La musique est bien connue depuis une dizaine d’années : Hong Sang-soo ferait toujours le même film. C’est pourtant faux : si répétition il y a, entre les personnages de réalisateurs égotiques, les femmes mystérieuses ou malicieuses qui les remettent à leur place, et les longs plans-séquence de repas arrosés où panoramiques, zooms et dézooms se substituent au découpage, le cinéaste trouve toujours un moyen de dérouter. En dépit des ressemblances, chaque film ménage ainsi une place qui lui est propre au sein d’une filmographie toujours aussi singulière.

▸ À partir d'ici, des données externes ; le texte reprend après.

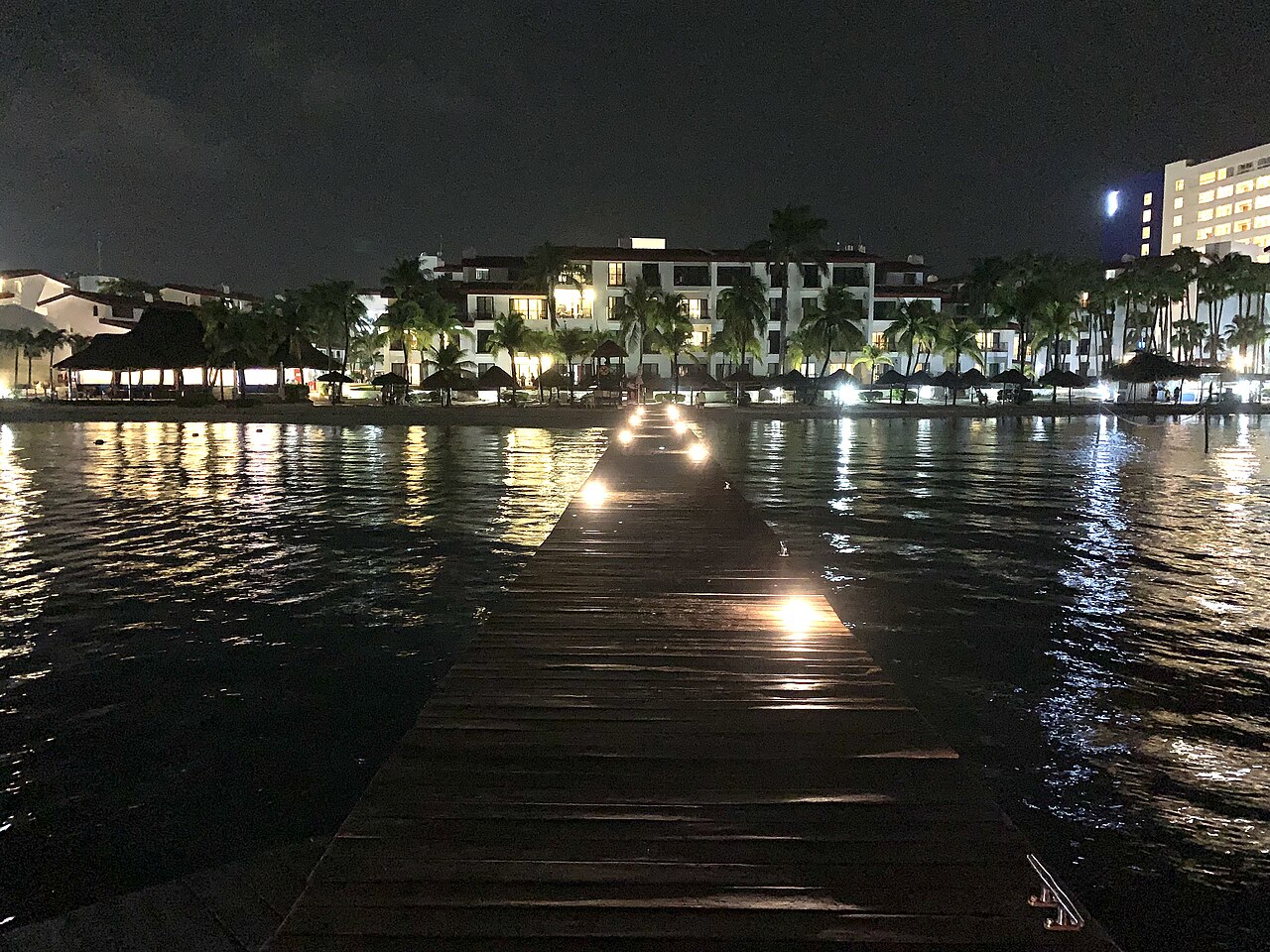 Beach of Cancún, Q ROO, Mexico at night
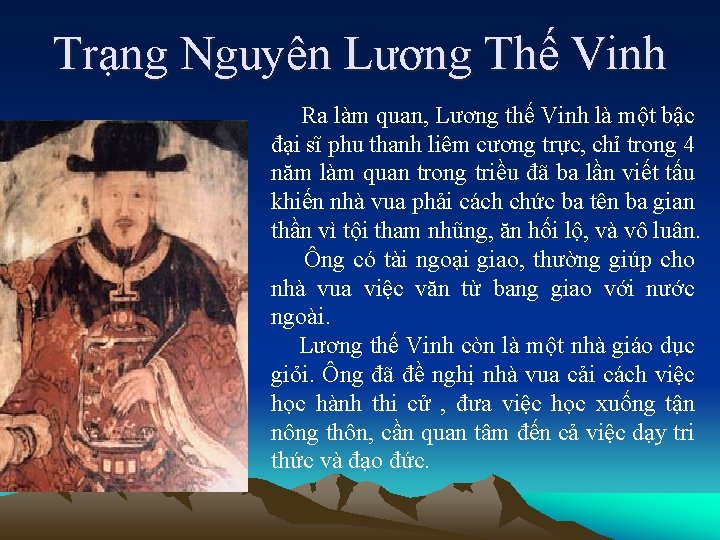 Trạng Nguyên Lương Thế Vinh Ra làm quan, Lương thế Vinh là một bậc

Première particularité de La Femme qui s’est enfuie, et non des moindres, il s’agit d’un film sans soju (mais avec tout de même un peu de makgeolli), donc sans ivresse. C’est probablement à cette inédite absence que tient en partie l’atmosphère de sérénité enveloppant le film. Si chez Hong Sang-soo la confusion des sentiments s’illustre souvent par une complexité dramaturgique et temporelle, La Femme qui s’est enfuie repose sur une structure on ne peut plus claire. Gam-hee (Kim Min-hee encore et toujours, quoiqu’un passage drastique chez le coiffeur l’ait métamorphosée), seule quelques jours pour la première fois depuis qu’elle s’est mariée il y a cinq ans, rend tour à tour visite à trois anciennes amies qui ont quitté la ville pour la campagne. Trois plans sur des cimes de montagnes font office de charpente au film, mais aussi de cadence, comme sur le rythme d’une valse apaisée : trois fois Gam-hee s’extasie du paysage et des bienfaits de la campagne, trois fois un garçon vient perturber la villégiature de ses plaintes, et trois fois Gam-hee répète qu’elle n’a pas quitté un seul jour son mari depuis qu’ils sont mariés, car selon lui, « les amoureux ne doivent jamais s’éloigner ». Ce refrain, en apparence amer, évocation d’une potentielle relation toxique laissée hors-champ, est toujours déclamé avec douceur, comme si Gam-hee n’avait aucun problème. Rien à résoudre, pas d’objectif, pas de besoin, au point que l’on se demande si Hong Sang-soo n’est pas parvenu à réaliser un parfait film sans drame, sempiternelle obsession de cinéastes tels que Jim Jarmusch ou Richard Linklater. Le film n’est en revanche pas avare en drôlerie, notamment dans son étrange rapport à l’animal, piste nouvelle pour le réalisateur, à travers une histoire de poules cruelles, une discussion naïve sur le végétarisme autour d’un plat de viande, et surtout une scène hilarante se déroulant sur le pas de la porte de Young-soon (Seo Young-hwa), où l’on voit un voisin se plaindre de la présence de chats dans la résidence, et qui s’achève par un inénarrable zoom sur un matou désinvolte.
Les vagues
Dans le dernier segment apparaît un autre film sans drame, un film dans le film que Gam-hee va voir deux fois dans le cinéma où elle croise une ancienne amie (et rivale amoureuse). On n’en voit qu’un extrait, une fois en noir et blanc, une fois en couleur : un îlot sableux, des vagues calmes qui peu à peu le recouvrent, et un enregistrement lo-fi d’une boucle d’accords de guitare acoustique en guise de bande-son. Il s’agit d’images enregistrées sur le tournage de Woman on the beach, qu’a réalisé Hong Sang-soo en 2006, film autrement plus cruel et torturé que celui-ci, qui porte d’ailleurs le titre d’un beau film de Renoir avec Joan Bennett, le dernier qu’il réalisa aux États-Unis, dans la douleur. Que ce morceau de cinéma aussi calme provienne d’un film tumultueux atteste – accidentellement sans doute – de l’effet d’apaisement de La Femme qui s’est enfuie. Comme avec le bouleversant Grass, qui semblait tissé de différents brouillons de scénarios qu’aurait retrouvé le cinéaste au fond d’un tiroir, La Femme qui s’est enfuie tire sa beauté de sa grande simplicité. La maturité du cinéma de Hong Sang-soo se situe sans doute là, dans la modestie d’une méthode épurée, précise et pourtant nonchalante. Isolée dans la salle, Gam-hee se sent bien. Nous aussi.